Il trouvait préférable de s’inspirer des poèmes en y prélevant certains vers. Ainsi, Je suis venu te dire que je m’en vais (1973) est inspiré de Chanson d’automne (1866) de Paul Verlaine choisissant quelques vers détournés (« Tu t’souviens des jours heureux et tu pleures »), pour les intégrer dans son texte évoquant une rupture amoureuse, alors que chez Verlaine il s’agissait de la nostalgie du passé. Pour Rimbaud, le poème Les chercheuses de poux apparaît de manière cryptée dans Élisa (1969) : « Élisa cherche-moi des poux / Enfonce bien tes ongles / Et tes doigts délicats / Dans la jungle / De mes cheveux Lisa ».

Lolita

Si Élisa met en scène un moment intime entre un homme mûr et une jeune femme (« Élisa rien que toi, moi, nous / Tes 20 ans, mes 40 / Si tu crois que cela / Me tourmente / Ah non vraiment, Lisa »), c’est dans le disque concept Histoire de Melody Nelson (1971) que Gainsbourg reconnaît son attirance pour la femme-enfant, inspirée du roman Lolita (1955) de Vladimir Nabokov. Cette figure reviendra souvent dans son œuvre. Par exemple, dans Poupée de cire poupée de son (1965), composée pour la jeune France Gall ou Lemon Incest (1984) chantée en duo par le père et sa fille, Charlotte, âgée de treize ans – renforçant ainsi l’aspect sulfureux du propos –, ou dans la chanson tirée de son film éponyme Charlotte for Ever (1986).

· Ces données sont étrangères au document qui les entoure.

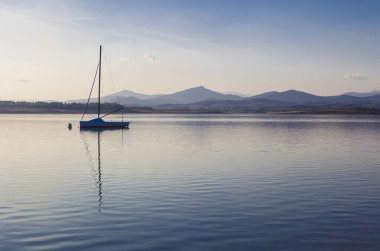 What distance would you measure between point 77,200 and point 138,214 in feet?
13.9

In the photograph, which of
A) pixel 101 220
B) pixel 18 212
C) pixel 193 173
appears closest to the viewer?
pixel 101 220

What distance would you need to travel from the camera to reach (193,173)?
2936 centimetres

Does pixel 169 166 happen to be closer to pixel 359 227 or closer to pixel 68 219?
pixel 68 219

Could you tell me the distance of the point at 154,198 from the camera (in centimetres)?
2105

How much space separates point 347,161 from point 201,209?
22.0 m

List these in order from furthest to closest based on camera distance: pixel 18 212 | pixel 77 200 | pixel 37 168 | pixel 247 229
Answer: pixel 37 168 < pixel 77 200 < pixel 18 212 < pixel 247 229

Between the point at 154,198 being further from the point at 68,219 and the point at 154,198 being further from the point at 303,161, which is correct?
the point at 303,161

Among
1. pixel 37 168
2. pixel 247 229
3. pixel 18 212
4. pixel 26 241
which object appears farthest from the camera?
pixel 37 168

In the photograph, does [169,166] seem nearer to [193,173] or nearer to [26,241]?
[193,173]

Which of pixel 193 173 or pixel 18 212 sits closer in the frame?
pixel 18 212

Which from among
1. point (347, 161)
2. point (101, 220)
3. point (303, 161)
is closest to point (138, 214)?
point (101, 220)

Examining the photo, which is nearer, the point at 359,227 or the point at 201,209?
the point at 359,227

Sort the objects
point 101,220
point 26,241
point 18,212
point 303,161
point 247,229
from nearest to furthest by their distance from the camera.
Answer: point 26,241
point 247,229
point 101,220
point 18,212
point 303,161

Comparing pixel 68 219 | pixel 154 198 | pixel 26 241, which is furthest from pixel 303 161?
pixel 26 241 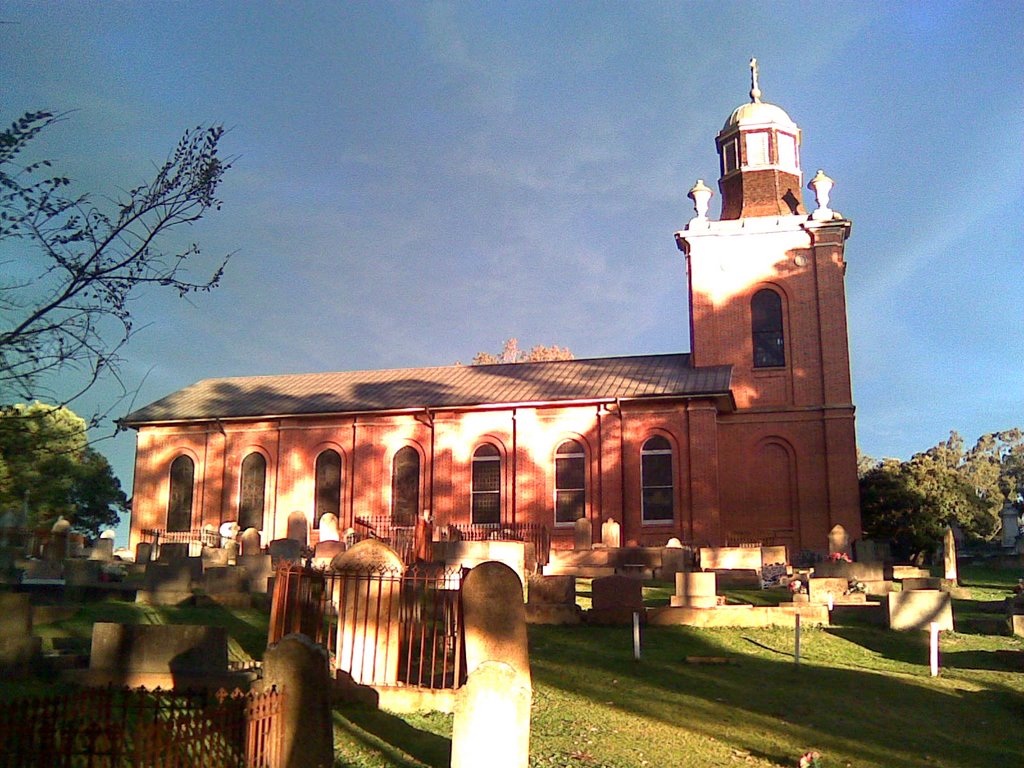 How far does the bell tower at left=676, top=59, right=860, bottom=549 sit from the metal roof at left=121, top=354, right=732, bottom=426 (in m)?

Même si l’exposition évoque peu l’aspect musical, nous remarquons que Gainsbourg, tout comme dans ses textes, aimait, à l’occasion, emprunter des mélodies démarquées d’œuvres de la musique classique pour laquelle il fut initié par son père. Ainsi, Lemon Incest s’inspire de la 3e Étude en mi majeur, opus 10, de Chopin ; Charlotte for Ever de l’Andantino pour piano du soviétique arménien Aram Katchatourian, tandis que Baby Alone in Babylone (1983), chantée par Jane Birkin, est calquée sur le 3e mouvement de la 3e Symphonie de Brahms, tout comme Jane B. (1969), également chantée par Birkin, du 4e Prélude, opus 28, de Chopin. Ces emprunts qu’ils soient littéraires ou musicaux ne sont pas pour autant de vulgaires plagiats, car Gainsbourg en artiste moderne n’agissait pas autrement que les dadaïstes ou les surréalistes, pour lesquels il avait une passion, qui détournaient par des collages des matériaux préexistants. Faire du neuf avec du vieux n’est pas si aisé, encore faut-il savoir quoi choisir, et comment l’intégrer dans une œuvre personnelle.

Méthode

Gainsbourg expliquait sa méthode : « Je pars du titre. Puis, ce titre me donne le poème qui m’apporte, par le découpage de la versification, la structure musicale de la mélodie. En somme, dès que j’ai trouvé le titre, la chanson est pratiquement terminée. » Toutefois, même si le titre était déterminant dans l’élaboration d’une chanson, il fallait tout de même écrire le poème… C’est alors qu’intervenait le dictionnaire de rimes qui le portait vers des rimes rares et difficiles à placer, par exigence. C’est pourquoi, il composa des textes avec des rimes en « ex » comme dans la chanson écrite pour Françoise Hardy Comment te dire adieu (1968) : « Mon cœur de silex / Vite prend feu / Ton cœur de pyrex / Résiste au feu / Je suis bien perplexe / Je ne veux / Me résoudre aux adieux » ; il appréciait aussi les allitérations en « v » comme dans La Javanaise (1963) : « J’avoue j’en ai bavé pas vous mon amour / Avant d’avoir eu vent de vous mon amour / Ne vous déplaise / En dansant la Javanaise / Nous nous aimions / le temps d’une chanson ».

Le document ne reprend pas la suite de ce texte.